Relativity theory, which is concerned with gravity, has done a good job of describing how mass and space interact on cosmic scales. Meanwhile, quantum field theory has described and unified the other three forces that control the atom. But getting the two theories together has been a frustration. One way to solve the riddle of a unifying theory is to dump the problem of gravity altogether, odd man out, so to speak. “What we’re proposing here is a shift in paradigm,” Stojkovic said in a State University of New York press release.

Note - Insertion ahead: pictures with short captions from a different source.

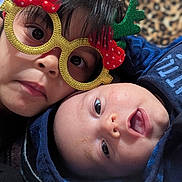 Jesus joined the competition — help win amazing prizes! baby, child, closeup, clothing, cute, expression, eyes, face, festive, glasses, happy, hat, head, holiday, indoors, portrait, sibling, skin, smile, warm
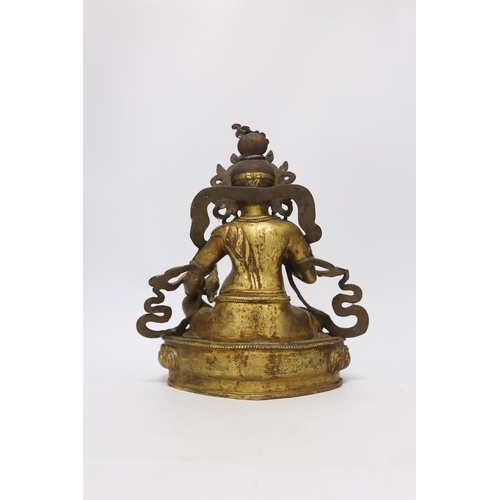 385 - A large Sino-Tibetan gilt bronze seated figure of Jambhala, 28cm high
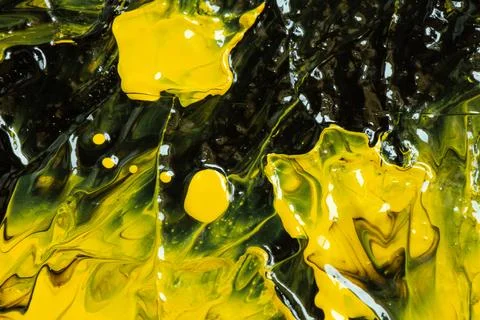 An abstract background of mixed black and yellow acrylic paint with a gloss.. Stock Illustration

Because gravity does not exist without dimensions, a universe with fewer dimensions would not need to account for relativity; the researchers argue that this would eliminate the mathematical discrepancies between quantum and relativity theory. They also believe that future observational studies of deep space—viewing ever farther out in space is like going back in time—will be able to confirm or invalidate their hypothesis as the effects of what might be called “missing gravity” could be seen within the ancient light rays themselves.
The fewer-dimensions proposition might also serve to explain why the expansion of the universe seems to be accelerating and how particles behaved in the first fractions of time after the big bang. “We have to take into account the possibility that something is systematically wrong with our ideas,” says Stojkovic. “We need something radical and new, and this is something radical and new.”

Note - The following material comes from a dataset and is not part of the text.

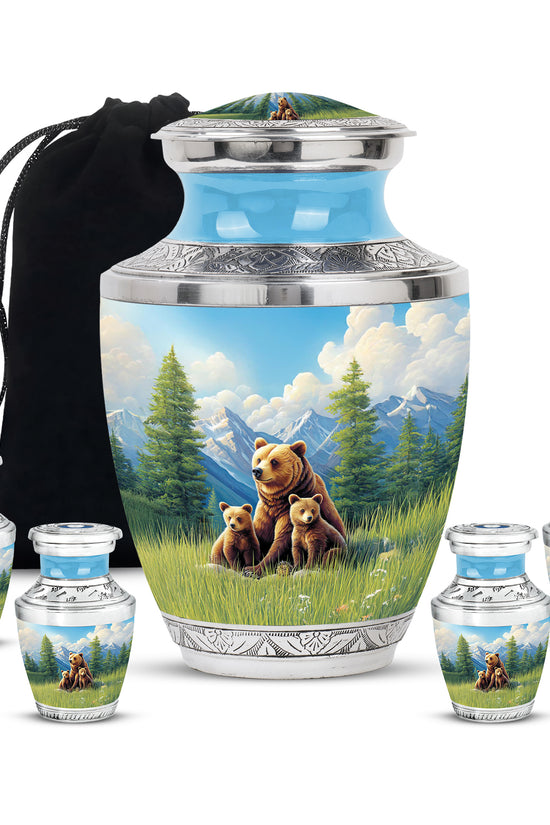 Slate Blue Bear Cremation Urn lifestyle display on memorial shelf - modern art-inspired bear motif on sleek aluminum - memorial set with one large and four small urns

Advancing even more radical ideas was physicist John Wheeler’s stock-in-trade. The originator of the concept of the black hole—a collapsed star so massive that its gravity well pulls in even passing light rays—Wheeler (1911–2008) is considered a maverick thinker, teacher and mentor.
At the heart of the universe, Wheeler postulated, was information; “it from bit” he called the feedback circuit of creation. “No working picture that can be offered today is so attractive as this,” he wrote: “the universe brought into being by acts of observer-participatorship; the observer-participator brought into being by the universe.” The upshot of his “self-excited circuit” of creation is indeed odd: our observation of the universe today changes it retroactively to create it in the first place. Stranger still, Wheeler designed experiments that actually showed this type of retroactive influence, the so-called delayed-choice experiment where the results at the end change the beginning.

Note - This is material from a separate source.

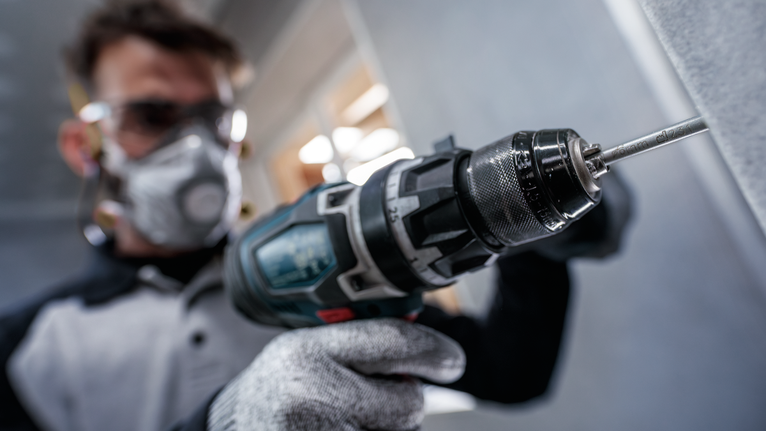 Arbeiter mit Sicherheitsausrüstung bohrt in eine Betonwand.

“We are participators in bringing into being not only the near and here but the far away and long ago,” Wheeler declared.
In another sort of branching tree, a growing number of cosmologists now view our universe as just one of an infinite number of possible universes: the multiverse. As Brian Greene writes in The Hidden Reality, “such simulated [parallel universe] worlds would forcefully realize Wheeler’s vision of information’s primacy. Generate circuits that carry the right information and you’ve generated parallel realities that are as real to their inhabitants as this one is to us.”